→ **Work item**
Your copy should match the listing word for word, apart from the pictures, which are left out.

→ **Collected material**
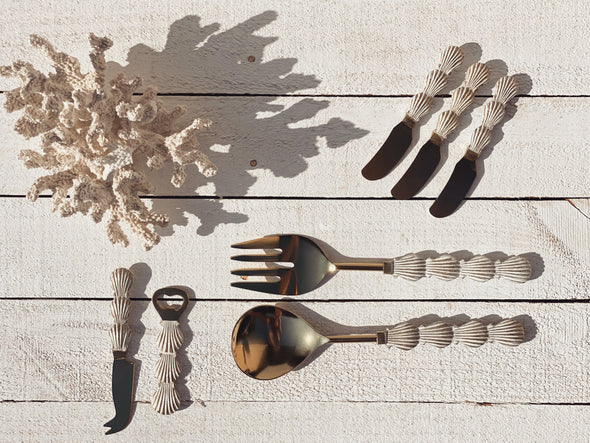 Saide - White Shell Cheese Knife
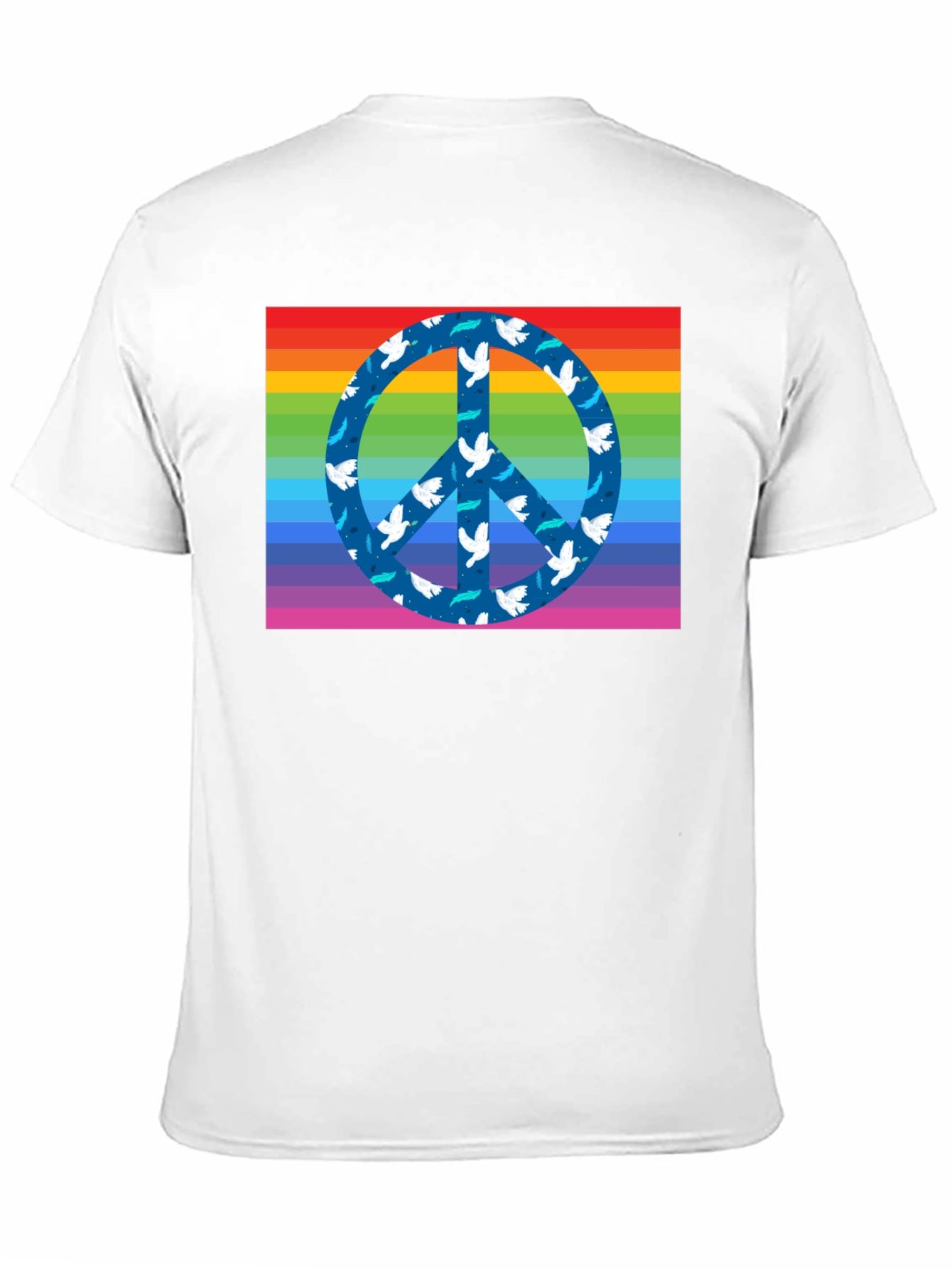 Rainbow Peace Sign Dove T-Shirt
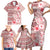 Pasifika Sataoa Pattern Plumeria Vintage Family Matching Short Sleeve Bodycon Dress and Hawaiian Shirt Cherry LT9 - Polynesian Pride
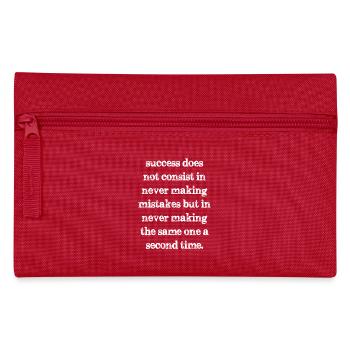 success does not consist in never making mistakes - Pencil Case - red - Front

→ **Response area**
 Saide - White Shell Cheese Knife
 Rainbow Peace Sign Dove T-Shirt
 Pasifika Sataoa Pattern Plumeria Vintage Family Matching Short Sleeve Bodycon Dress and Hawaiian Shirt Cherry LT9 - Polynesian Pride
 success does not consist in never making mistakes - Pencil Case - red - Front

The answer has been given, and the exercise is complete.